New Delhi: The stage is now set for what promises to be a heated Winter Session of Parliament. The BJP and its allies want a discussion on Foreign Direct Investment or FDI in multi-brand retail under a rule that allows voting. They also might bring their own no-confidence motion against the Manmohan Singh government. The government has made it clear it does not want a vote, though it says it has the numbers should it come down to one.
A statement of the BJP-led Opposition grouping - the National Democratic Alliance (NDA) - after a 90-minute meeting on Tuesday evening said, "(The) NDA will move a resolution under voting provisions seeking disapproval of the government's decision (to permit FDI in multi-brand retail) and urging the government to withdraw the decision."
"This government has failed on all the fronts and the time has come for it go. The NDA would consult all political parties to explore the possibility of a no-confidence motion against the government," the statement read out by BJP spokesperson Ravi Shankar Prasad said.
The meeting had been called to decide on the NDA strategy for the Winter Session of Parliament that begins on Thursday.
Though it wasn't clear whether the no-trust motion that the NDA is "exploring" would precede the demand for a possible discussion-and-vote call, it seems that the BJP-led alliance wants to show that it remains the main Opposition party and is not willing to cede that space to the much smaller Trinamool Congress, which with its 19 Lok Sabha MPs has declared that it wants to bring a no-confidence motion against the government and is now scrambling to get support before the session begins. A no-confidence motion must have the support of at least 50 Lok Sabha MPs before it can be moved in Parliament.

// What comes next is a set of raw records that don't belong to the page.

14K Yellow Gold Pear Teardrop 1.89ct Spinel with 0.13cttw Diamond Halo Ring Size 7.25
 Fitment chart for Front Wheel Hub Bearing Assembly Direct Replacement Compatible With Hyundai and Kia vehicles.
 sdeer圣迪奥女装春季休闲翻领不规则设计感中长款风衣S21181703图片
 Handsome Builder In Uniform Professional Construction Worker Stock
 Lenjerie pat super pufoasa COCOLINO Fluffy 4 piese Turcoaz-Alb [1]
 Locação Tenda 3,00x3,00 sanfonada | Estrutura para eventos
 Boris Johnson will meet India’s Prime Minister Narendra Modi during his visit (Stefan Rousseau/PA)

The government has already indicated that it might be unwilling to even accept a discussion-and-vote motion under Rule 184 of Parliament, which the Left parties will also apply for, on the issue of FDI in retail. It argues that FDI in retail is a policy matter, and an executive decision that does not need Parliament's nod. Parliamentary Affairs Minister Kamal Nath told NDTV, "We will tell the Speaker we don't want discussion on FDI that entails voting. What is the vote for? We are not thrusting FDI in retail down anyone's throat." States have been given the option of not accepting the Centre's decision on this. Mr Nath also said that Ms Banerjee and her Trinamool Congress didn't have the numbers behind them to bring a no-trust motion. (Watch: If there is a vote on FDI, we will win, says Kamal Nath)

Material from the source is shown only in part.